FCC Asks Public: Please Help Us Reduce Our Paperwork
Published Date: 12/15/2025
Notice
Summary
The FCC is checking in on some paperwork rules to make sure they’re still useful and not too much work, especially for small businesses. They want your thoughts by February 13, 2026, to help keep things clear and easy. This review affects over 4,000 businesses and involves about 24,600 hours of work yearly, but it won’t cost anyone extra money.
Analyzed Economic Effects
4 provisions identified: 2 benefits, 2 costs, 0 mixed.
Paperwork Burden on ~4,100 Businesses
The FCC is reviewing an information collection (OMB 3060-0548) that currently covers 4,103 business respondents and 49,236 responses. The collection is estimated to cause 24,618 total annual burden hours and a total annual cost of no cost; the FCC seeks comments by February 13, 2026 on ways to reduce this paperwork burden, including impacts on small businesses with fewer than 25 employees.
Customer-Service Collection Burden on Operators/Governments
The FCC is also reviewing a separate collection (OMB 3060-0652) that lists 540 respondents and 1,102,100 responses, with an estimated 34,650 total annual burden hours and no total annual cost.
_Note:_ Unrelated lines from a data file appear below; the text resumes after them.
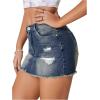 imageSHENHE Womens Casual Ripped Jean Skirt Low Waist Raw Hem Mini Denim SkirtsRaw Hem Blue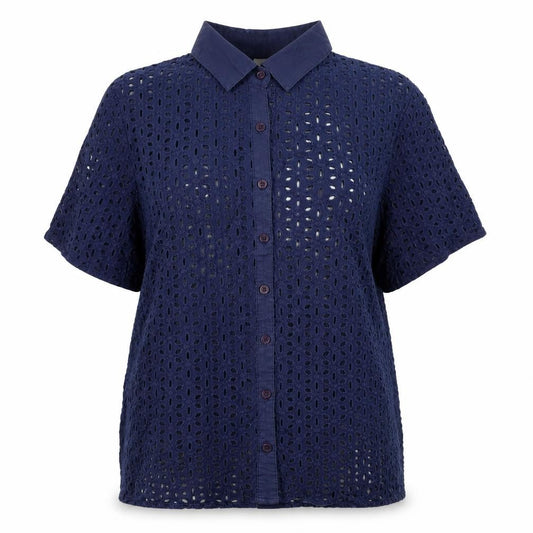 Cotton Traders Women Blue Size 14 Eyelet Lace Collared Button-Up Shirt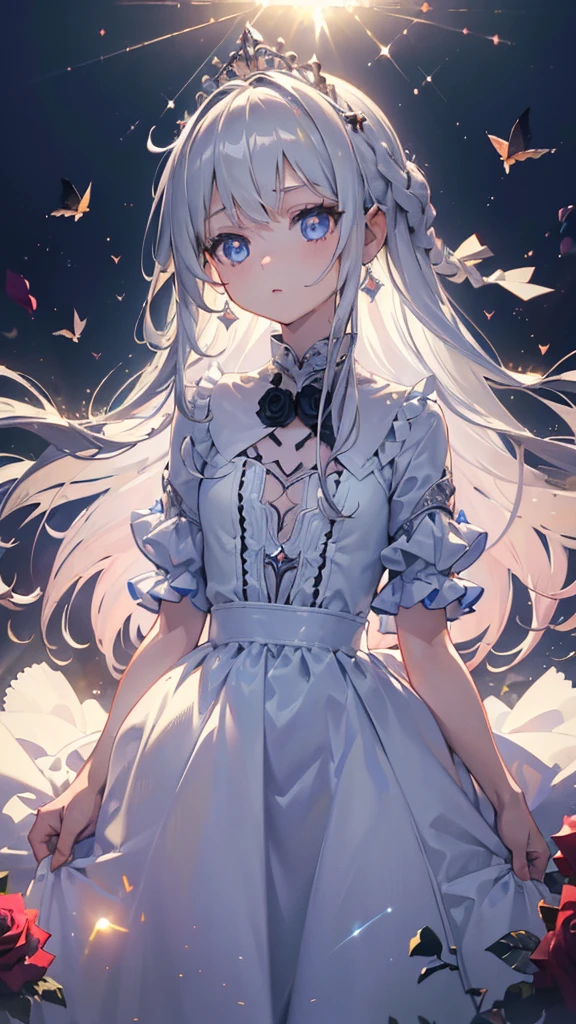 (masterpiece:1.5), ultra quality, 8K, high resolution, super fine illustration, depth of field,
perfect anatomy, 
(1girl), solo, delicate beauty girl, (10years_old girl), silver hair, extreme long hair, bangs, french braid, (floating hair:1.2),
(fine detailed eyes), blue eyes,
beautiful face, small bast, slender, (:1.5), 
(from diagonal front), (cowboy shot), (looking at viewer),
(princess dress), (white dress), (rose embroidery), (revealing clothes:1.2), 
parted lips, jewelry, earrings, 
(rose garden:1.4), castle, daylight, lens flare, 
(cinematic lighting:1.2), (cinematic shadow:1.3), 
(Prismatic light:1.2), (sparkling light:1.2), 
(beautiful reflection:1.3), (prismatic reflection:1.4),
(tyndall effect:1.5), 
(sense of depth:1.2),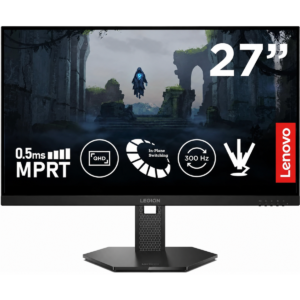 Lenovo Legion 27Q-11 27'' IPS 2K QHD 300Hz HDR10 0.5ms MPRT Gaming Monitor , 2X HDMI 2.1, DP 1.4, DP Cable, AMD FreeSync Premium Tilt/Height/Rotation/Pivot Adjustment - Black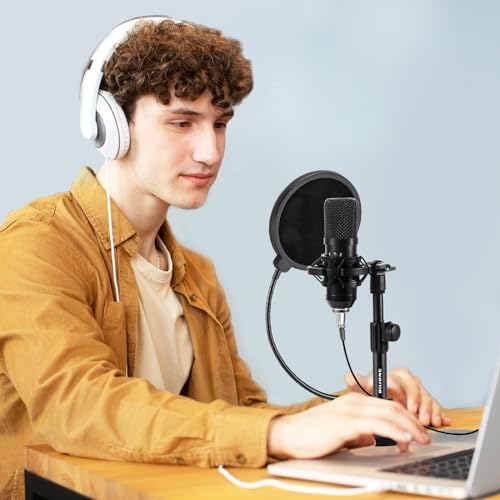 Multifunctional Desktop Microphone Stand, Adjustable Mic Stand Desk with Pop Filter, Shock Mount, Microphone Clip, 5/8" to 3/8" Metal Screw Adapter (Pack of 2) - size: Round Base (Pack of 2)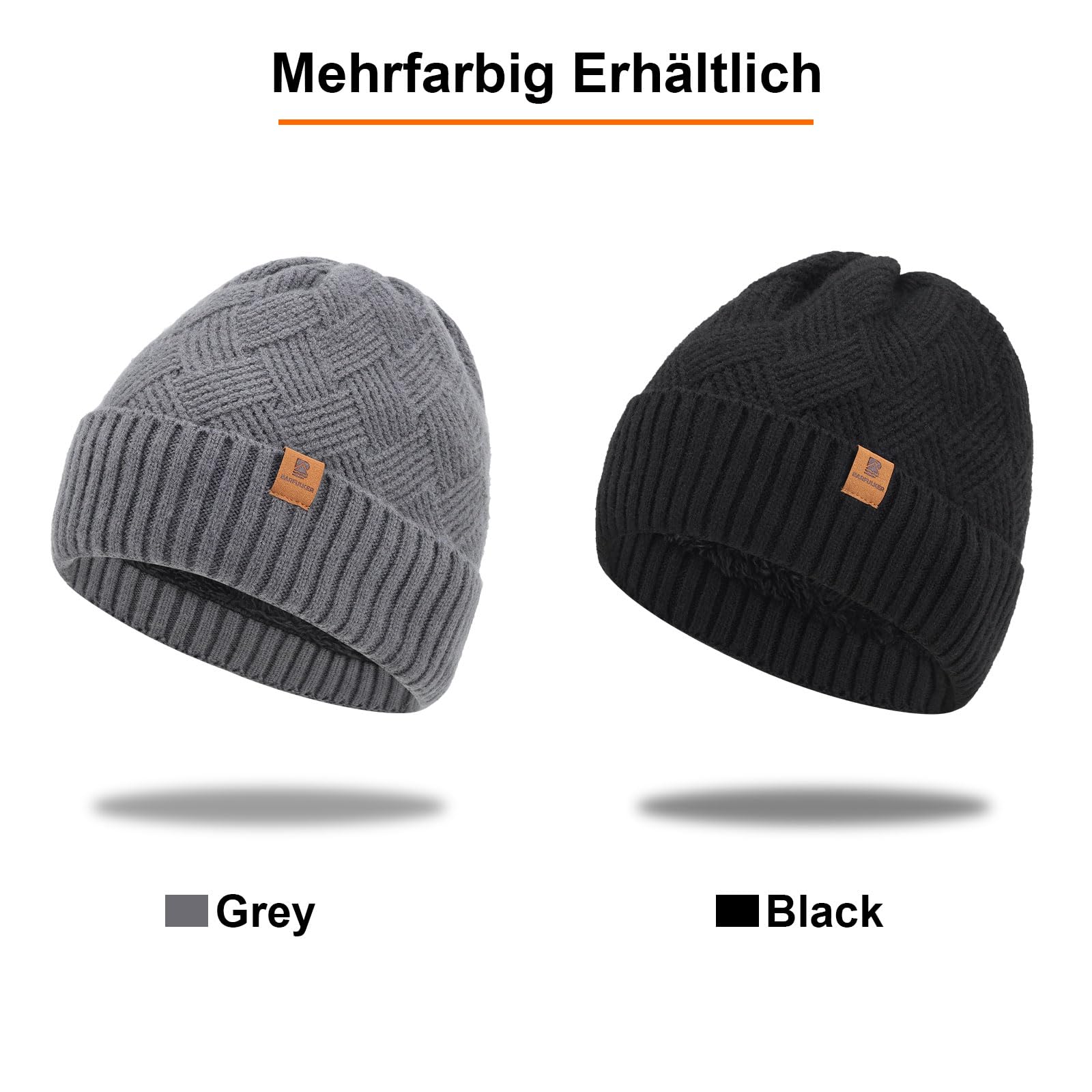 Czapka Beanie dla Mężczyzn i Kobiet, Uniseks Czapki Dzianiny na Jesień Zimę Dzianina Czapka Zimowa Damska Miękka i Ciepła Czapka Knitted Hats,Czarny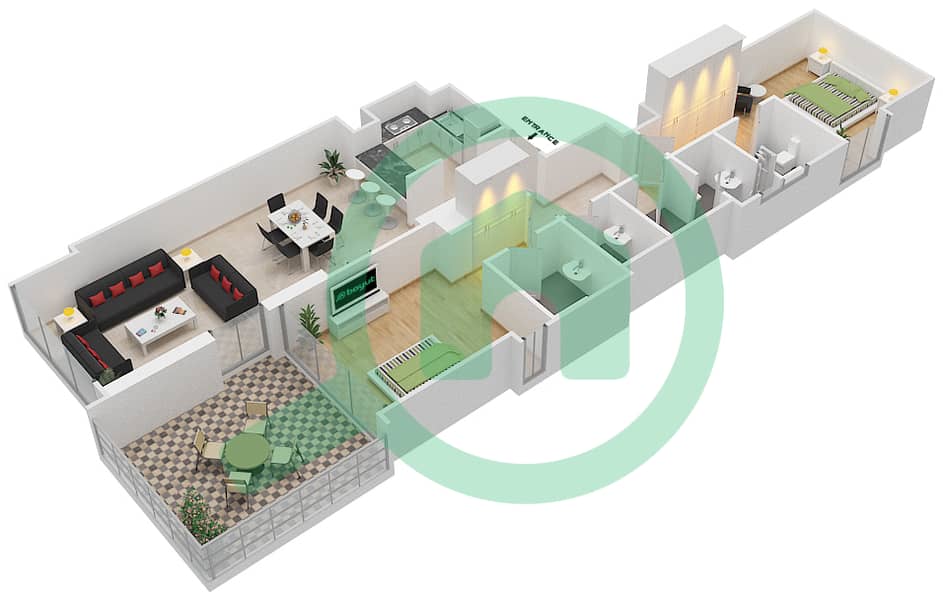 المخططات الطابقية لتصميم الوحدة 1 FLOOR 25 شقة 2 غرفة نوم - ليف ريزيدنس interactive3D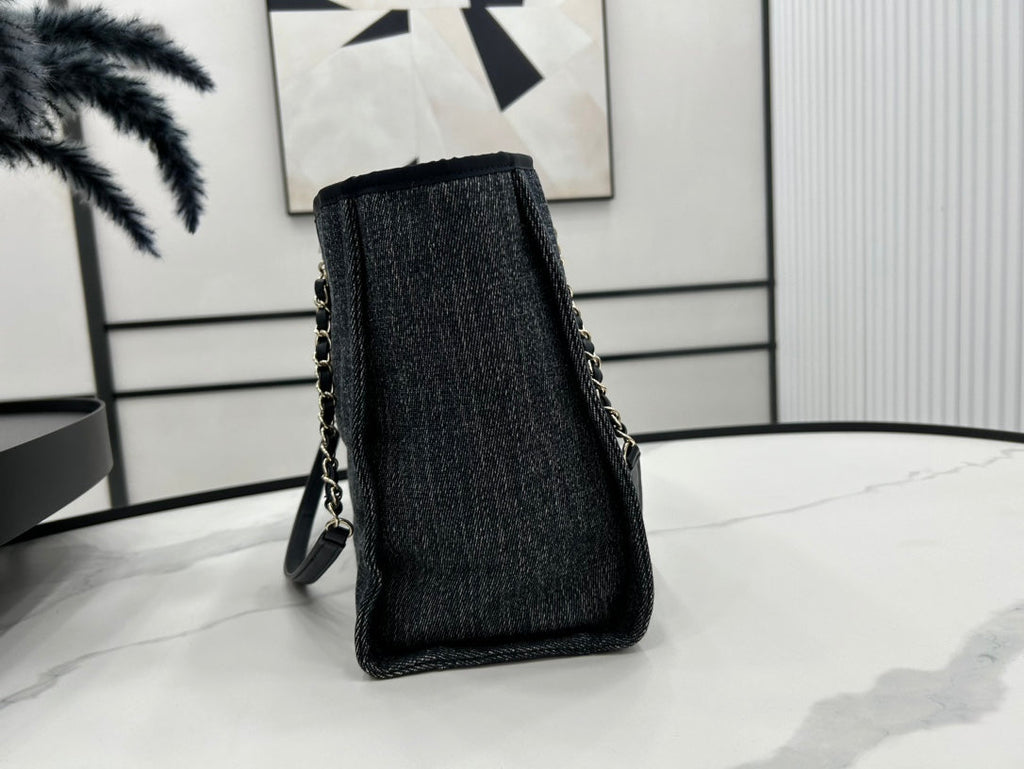 SAC CC DEAUVILLE TWEED 33X24X14.5CM CUIR NOIR QUINCAILLERIE DORÉ 27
The agency requests comments by February 13, 2026 on reducing burden and improving clarity, including for small entities.
Cable Subscribers Get Must-Carry Info & Notices
Cable systems must keep a public file listing all broadcast TV stations they carry and must respond in writing within 30 days to any written request for identification of signals carried. Operators must notify subscribers by June 2, 1993 and annually thereafter, and to each new subscriber at installation, about stations that cannot be viewed without a converter box and offer to sell or lease a converter box.
Required Customer Service Notices and Billing Rules
Cable operators must provide written information at installation, at least annually, and on request about products, prices, installation and maintenance policies, channel positions, and billing and complaint procedures. Operators must give subscribers at least 30 days' advance written notice of rate or service changes (or as soon as possible if outside the operator's control) that includes the precise amount and an explanation, and must respond to written billing disputes within 30 days. Local franchise authorities must give affected cable operators 90 days' written notice before enforcing customer service standards.